The number of permits for new housing units soared 8 percent in April, the Census Bureau said on Friday, to an annualized 1.08 million. And the number of homes on which builders began construction rose a whopping 13 percent, to an annualized 1.07 million. If nothing else, the numbers help assuage fears that the housing industry is losing momentum. It now looks like the rough winter was indeed a major factor holding back home building activity so far this year, and there is now a spring thaw underway.
But even in the good new numbers, there is a clear trend evident: The entirety of the improvement is coming from more building of housing in structures with five or more units, most commonly rental apartment buildings.
The number of permits issued for single-family homes rose by a mere 2,000 annualized rate in April, where the number for units in these so-called multifamily structures rose by 81,000. The same story applies for housing starts, where the number of single-family homes rose a measly 5,000, versus 124,000 for multifamily units.
In other words, if you think that this housing recovery involves any meaningful increase in the number of traditional, suburban single-family homes with a yard and picket fence, you have it wrong. The number of single-family homes started is well below its level of late last year and still at February 2013 levels. Multifamily construction, meanwhile, has been soaring throughout the last five years.
Parsing more detailed data available for the first quarter, Jed Kolko, chief economist of real estate firm Trulia, notes on Twitter that 93 percent of the multifamily construction was intended to be rentals, and 89 percent of the units were in buildings with 20 or more units.
And here are some supporting charts from Zero Hedge:
The blue line is conventional, single-family housing starts. The red line is "New Normal", "Blackstone is America's landlord":
There are two ways of looking at this:
1) It's a return to a more rational way of organizing a society in which people who shouldn't buy houses don't. Rather than borrowing huge amounts of money against modest incomes and inadequate assets, the typical American family will henceforth rent an apartment or small house until they've saved a hefty down payment, say 40%, and proved to themselves and a local bank that their income stream is highly predictable. This kind of world is better for all involved because it avoids the massive, family-disrupting upheavals that now occur with every "housing recession."

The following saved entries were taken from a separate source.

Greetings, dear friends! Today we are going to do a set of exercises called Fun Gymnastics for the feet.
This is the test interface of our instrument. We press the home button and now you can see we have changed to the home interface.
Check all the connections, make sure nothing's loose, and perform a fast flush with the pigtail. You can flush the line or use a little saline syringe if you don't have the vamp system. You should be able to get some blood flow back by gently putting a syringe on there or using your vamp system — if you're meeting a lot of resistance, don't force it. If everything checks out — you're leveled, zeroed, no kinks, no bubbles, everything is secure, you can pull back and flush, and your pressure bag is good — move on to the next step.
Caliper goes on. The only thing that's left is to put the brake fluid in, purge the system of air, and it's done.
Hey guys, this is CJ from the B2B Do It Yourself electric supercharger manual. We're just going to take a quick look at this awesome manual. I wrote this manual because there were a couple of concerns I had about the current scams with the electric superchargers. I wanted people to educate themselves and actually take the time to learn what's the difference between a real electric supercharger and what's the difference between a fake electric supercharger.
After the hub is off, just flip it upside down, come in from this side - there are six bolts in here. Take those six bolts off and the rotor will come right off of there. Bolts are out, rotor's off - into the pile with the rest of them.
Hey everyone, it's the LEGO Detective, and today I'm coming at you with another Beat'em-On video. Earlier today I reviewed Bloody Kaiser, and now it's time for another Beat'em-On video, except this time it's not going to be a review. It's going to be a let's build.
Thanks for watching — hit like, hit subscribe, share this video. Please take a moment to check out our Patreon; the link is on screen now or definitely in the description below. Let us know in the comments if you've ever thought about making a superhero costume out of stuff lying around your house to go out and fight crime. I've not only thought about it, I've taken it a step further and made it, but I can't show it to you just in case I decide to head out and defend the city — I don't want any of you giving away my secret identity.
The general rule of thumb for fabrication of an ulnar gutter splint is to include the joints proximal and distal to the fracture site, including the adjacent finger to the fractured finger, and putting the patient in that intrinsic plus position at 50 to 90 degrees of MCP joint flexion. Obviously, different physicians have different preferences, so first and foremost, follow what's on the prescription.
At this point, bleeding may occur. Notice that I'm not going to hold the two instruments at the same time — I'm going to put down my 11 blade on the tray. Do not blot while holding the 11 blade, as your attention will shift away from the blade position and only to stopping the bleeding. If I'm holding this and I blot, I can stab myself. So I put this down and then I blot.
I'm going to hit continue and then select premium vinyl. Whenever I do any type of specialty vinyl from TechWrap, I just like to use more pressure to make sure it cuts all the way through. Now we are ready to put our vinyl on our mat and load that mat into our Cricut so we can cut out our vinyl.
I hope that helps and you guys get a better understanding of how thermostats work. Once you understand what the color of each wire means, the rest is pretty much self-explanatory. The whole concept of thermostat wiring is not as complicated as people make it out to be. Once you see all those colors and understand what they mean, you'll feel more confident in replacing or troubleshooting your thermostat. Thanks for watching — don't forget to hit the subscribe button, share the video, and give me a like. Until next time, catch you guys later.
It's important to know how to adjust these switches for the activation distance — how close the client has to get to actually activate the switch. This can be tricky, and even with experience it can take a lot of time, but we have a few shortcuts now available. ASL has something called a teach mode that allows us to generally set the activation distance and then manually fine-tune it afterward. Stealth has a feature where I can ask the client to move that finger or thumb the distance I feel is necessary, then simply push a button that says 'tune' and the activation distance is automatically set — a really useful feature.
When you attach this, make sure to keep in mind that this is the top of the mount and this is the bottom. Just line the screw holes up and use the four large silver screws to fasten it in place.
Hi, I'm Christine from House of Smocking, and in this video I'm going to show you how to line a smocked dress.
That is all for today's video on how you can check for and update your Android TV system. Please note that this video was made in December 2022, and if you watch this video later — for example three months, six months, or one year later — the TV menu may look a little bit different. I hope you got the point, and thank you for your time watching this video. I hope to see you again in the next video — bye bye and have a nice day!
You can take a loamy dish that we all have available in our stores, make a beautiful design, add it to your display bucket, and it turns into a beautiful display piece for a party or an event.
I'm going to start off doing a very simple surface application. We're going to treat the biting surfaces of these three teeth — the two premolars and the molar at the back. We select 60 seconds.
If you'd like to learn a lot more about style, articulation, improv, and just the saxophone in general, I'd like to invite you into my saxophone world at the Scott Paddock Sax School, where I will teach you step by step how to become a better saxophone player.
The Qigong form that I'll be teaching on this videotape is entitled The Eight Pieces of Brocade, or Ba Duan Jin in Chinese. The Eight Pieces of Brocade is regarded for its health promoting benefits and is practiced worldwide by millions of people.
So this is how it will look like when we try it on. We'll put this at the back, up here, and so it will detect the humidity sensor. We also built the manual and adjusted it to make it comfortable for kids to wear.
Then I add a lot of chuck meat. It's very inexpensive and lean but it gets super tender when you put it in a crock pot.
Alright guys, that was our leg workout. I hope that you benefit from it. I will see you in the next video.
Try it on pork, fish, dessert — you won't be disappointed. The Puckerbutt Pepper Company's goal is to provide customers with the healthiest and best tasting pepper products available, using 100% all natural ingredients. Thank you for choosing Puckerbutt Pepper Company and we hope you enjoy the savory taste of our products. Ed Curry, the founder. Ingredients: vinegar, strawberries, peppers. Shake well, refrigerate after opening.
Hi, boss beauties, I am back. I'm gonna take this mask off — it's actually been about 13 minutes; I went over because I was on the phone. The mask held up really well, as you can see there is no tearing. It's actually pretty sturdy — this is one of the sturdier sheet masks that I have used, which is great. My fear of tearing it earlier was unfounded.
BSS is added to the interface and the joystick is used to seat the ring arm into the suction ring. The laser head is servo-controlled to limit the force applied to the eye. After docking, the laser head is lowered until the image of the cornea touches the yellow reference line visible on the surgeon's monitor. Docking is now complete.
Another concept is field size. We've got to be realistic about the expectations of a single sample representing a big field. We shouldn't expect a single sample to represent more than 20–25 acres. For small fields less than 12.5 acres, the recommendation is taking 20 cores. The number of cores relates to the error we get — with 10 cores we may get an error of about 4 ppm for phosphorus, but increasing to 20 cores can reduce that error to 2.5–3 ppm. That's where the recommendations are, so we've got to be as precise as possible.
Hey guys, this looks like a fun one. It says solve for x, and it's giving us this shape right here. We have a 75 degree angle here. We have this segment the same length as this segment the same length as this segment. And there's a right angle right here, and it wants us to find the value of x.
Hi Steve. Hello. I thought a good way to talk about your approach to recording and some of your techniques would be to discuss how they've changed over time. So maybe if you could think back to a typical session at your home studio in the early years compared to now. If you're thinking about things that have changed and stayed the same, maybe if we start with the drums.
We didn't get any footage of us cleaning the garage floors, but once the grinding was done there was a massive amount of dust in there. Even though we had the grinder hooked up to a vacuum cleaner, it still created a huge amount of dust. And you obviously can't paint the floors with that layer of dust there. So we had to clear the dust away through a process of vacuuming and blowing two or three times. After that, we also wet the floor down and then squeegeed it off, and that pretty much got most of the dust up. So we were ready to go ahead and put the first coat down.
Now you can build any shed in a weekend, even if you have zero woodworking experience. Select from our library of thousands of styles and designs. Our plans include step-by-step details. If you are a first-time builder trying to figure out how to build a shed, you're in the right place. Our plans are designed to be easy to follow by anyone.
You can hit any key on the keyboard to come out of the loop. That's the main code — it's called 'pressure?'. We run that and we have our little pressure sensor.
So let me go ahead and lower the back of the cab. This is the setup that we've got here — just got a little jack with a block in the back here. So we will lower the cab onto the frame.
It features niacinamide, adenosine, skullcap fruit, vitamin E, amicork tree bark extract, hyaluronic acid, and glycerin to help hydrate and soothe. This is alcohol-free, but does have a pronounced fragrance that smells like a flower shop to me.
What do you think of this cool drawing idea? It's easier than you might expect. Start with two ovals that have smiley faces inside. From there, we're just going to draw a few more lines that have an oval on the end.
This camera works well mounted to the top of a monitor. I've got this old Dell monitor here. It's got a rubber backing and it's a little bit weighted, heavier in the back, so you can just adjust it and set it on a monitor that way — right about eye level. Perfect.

2) It's yet another signpost on the middle class descent into what used to be thought of as poverty, but is now the new normal. Owning a lot of stuff -- house, new SUV, major toys like boats and sports cars -- is beyond the reach of more and more families, and in place of this financial freedom-to-act-stupid is something akin to serfdom: dependence on one or several crappy service industry jobs that pay barely enough to cover rent and health insurance; college financed with student loans rather than savings; an inability to save enough to prevent a growing dependency on government and loan-sharky lenders.
In this scenario the US comes to resemble one of those old-style company towns where workers work to survive while their needs are met by dominant, paternalistic entities (government and hedge funds in this case) that charge exorbitant prices and high rates of interest, guaranteeing that most families fall deeper into debt over time.
Where a typical middle class American once had a realistic prospect of paying off their mortgage and thus owning a big, valuable asset free and clear while also saving other money to give themselves a reasonable retirement, both sides of that equation -- home ownership and excess income that enables savings -- are a thing of the past for a growing number of people.
Unfortunately, explanation number two looks more likely, which means in the absence of a surge of high-paying jobs, this Road to Serfdom will be very busy in the years ahead.